Each entry must be given again exactly; images do not belong in the copy.

[Opening Available data section]

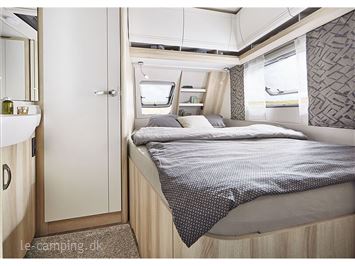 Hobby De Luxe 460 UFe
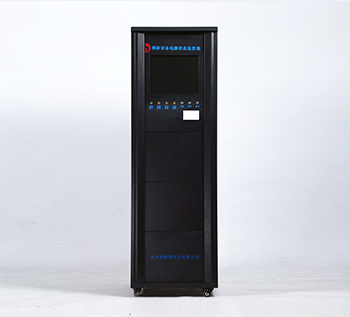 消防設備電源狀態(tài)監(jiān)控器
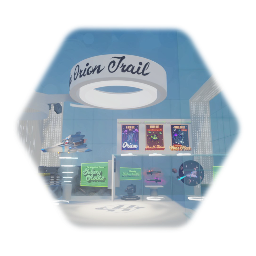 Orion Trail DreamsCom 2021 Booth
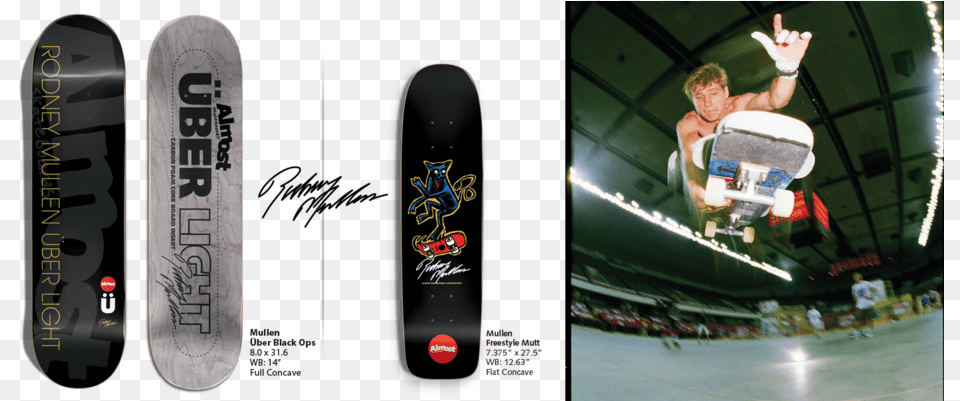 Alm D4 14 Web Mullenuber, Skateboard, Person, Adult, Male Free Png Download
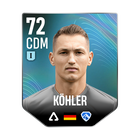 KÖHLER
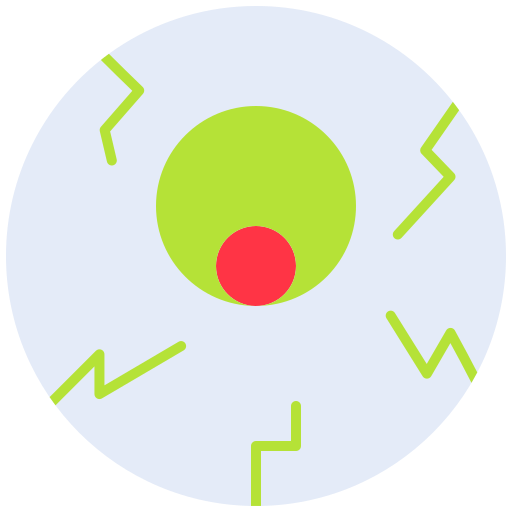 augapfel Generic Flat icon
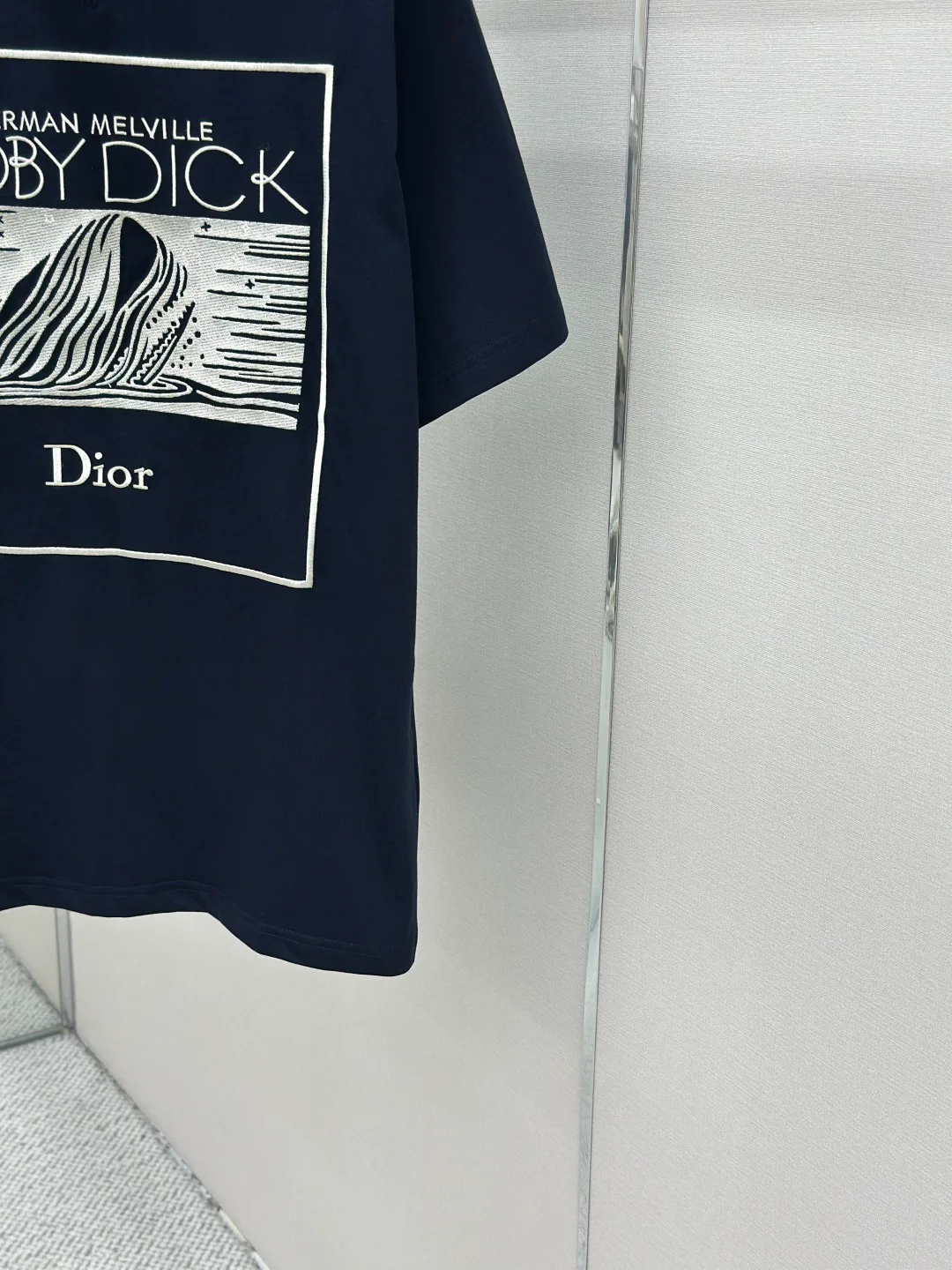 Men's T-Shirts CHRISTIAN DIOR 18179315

[Closing Available data section]

Result of this task:
 Hobby De Luxe 460 UFe
 消防設備電源狀態(tài)監(jiān)控器
 Orion Trail DreamsCom 2021 Booth
 Alm D4 14 Web Mullenuber, Skateboard, Person, Adult, Male Free Png Download
 KÖHLER
 augapfel Generic Flat icon
 Men's T-Shirts CHRISTIAN DIOR 18179315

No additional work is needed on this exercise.